Females who did 2 or more hours of strength training per week had a 20% lower risk of cardiovascular disease than those who did none.

Each additional hour of strength training per week was associated with a 5% lower risk of major cardiovascular disease and 14% lower risk of heart attack.

“[The findings] fit with what we know about the metabolic effects of maintaining muscle, including better insulin sensitivity, healthier body composition, and improved blood pressure control,” said Rigved Tadwalkar, MD, consultative cardiologist and director of Digital Transformation Pacific Heart Institute in Santa Monica, CA. Tadwalkar wasn’t involved in the study.

“I would not tell a patient that lifting weights guarantees a 20% reduction in risk, since this was an observational study. However, I would tell her that strength training now has a stronger cardiovascular case than many people realize,” he told Healthline.

The researchers found that strength training provided additional benefits when combined with regular aerobic exercise.

Females who did 2 or more hours of weekly strength training along with 150 minutes of weekly aerobic exercise had a 45% lower risk of heart attack than those with no physical activity.

Associations with major cardiovascular disease also changed slightly.

In an analysis of movement patterns, which considered strength training, aerobic exercise, and TV viewing time together, females who met all three recommendations had the lowest risk of cardiovascular disease, heart attack, and stroke, compared with those who met some or none.

“[The findings] support the current guidelines and make them feel more clinically meaningful. ‘2 days a week’ can sound vague to patients, whereas this study gives us a practical frame: roughly an hour or more per week, sustained over time, may matter,” said Tadwalkar.

“The women doing at least 2 hours had the lowest risk in the main analysis, although we should be careful about turning that into a rigid threshold. For most patients, 2 solid sessions per week remains a very reasonable starting prescription,” he said.

Strength training and aerobic exercise during and after menopause may improve heart health and help reduce menopause and age-related muscle loss.

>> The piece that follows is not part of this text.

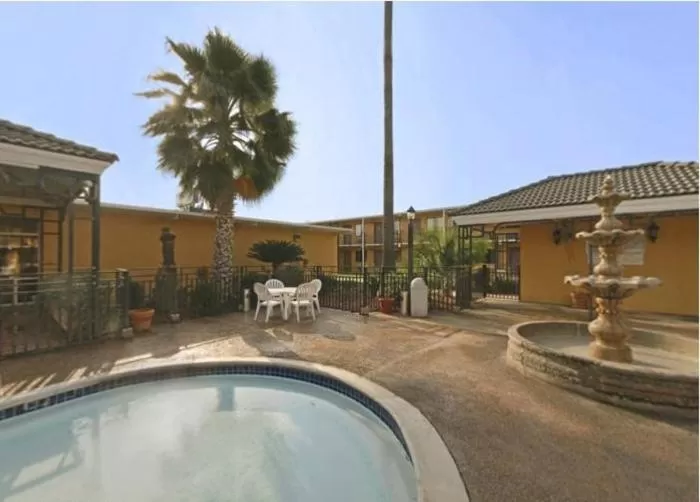 Swimming pool in Americas Best Value Inn Laredo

Current guidelines recommend 150 minutes of moderate-intensity aerobic exercise and two days of strength training each week. The guidelines also emphasize limiting sedentary behavior, such as prolonged TV watching.

Aerobic exercise, such as brisk walking, jogging, cycling, or swimming, is well-established as a way to lower cardiovascular disease risk. However, strength training, or resistance training, is less established.

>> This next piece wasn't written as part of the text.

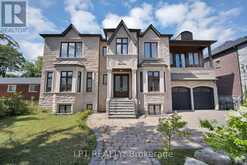 2 POPLAR DRIVE | Richmond Hill Ontario | Slide Image One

Strength training involves working your muscles against a force, like body weight, free weights, resistance bands, or weight machines.

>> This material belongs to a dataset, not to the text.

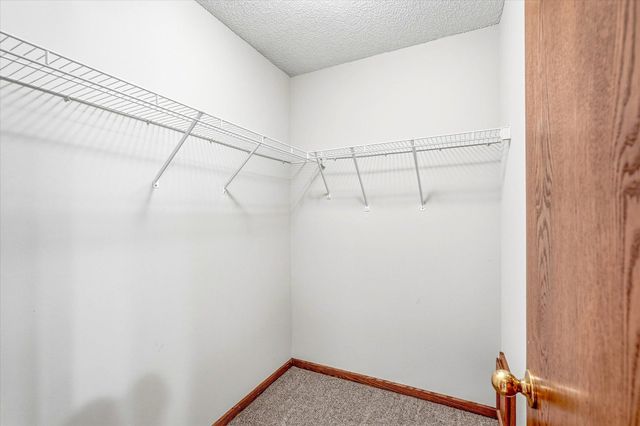 13025 Forest Glen Drive, Burnsville, MN 55337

Clarinda Hougen, MD, a primary care sports medicine specialist at Cedars-Sinai Orthopedics in Los Angeles, CA, said that you don’t need a gym to get started with strength training. Hougen wasn’t involved in the study.

“Simple body weight exercises like squats, step-ups, modified pushups, and planks can be very effective. Aim for two to three sessions per week and focus on proper form to prevent injury. As you build strength, you can add resistance with dumbbells, kettlebells, or bands,” she told Healthline.

The important thing is to find an exercise you can do consistently.

“The biggest barrier is often that people do not know what to do, and they are afraid of hurting themselves. Joint pain, poor balance, cost, transportation, and discomfort in a gym can quickly derail a plan that looked good on paper,” said Tadwalkar.

“What helps is a very clear entry point, like a few exercises, a written schedule, and some instruction from a physical therapist, trainer, or exercise professional who understands older adults. Home-based routines can work extremely well when they are simple and easy to repeat,” he added.

Tadwalkar noted that consistency becomes much more likely when the plan is tied to something you care about, such as staying independent, getting off the floor, carrying groceries, or keeping up with children and grandchildren.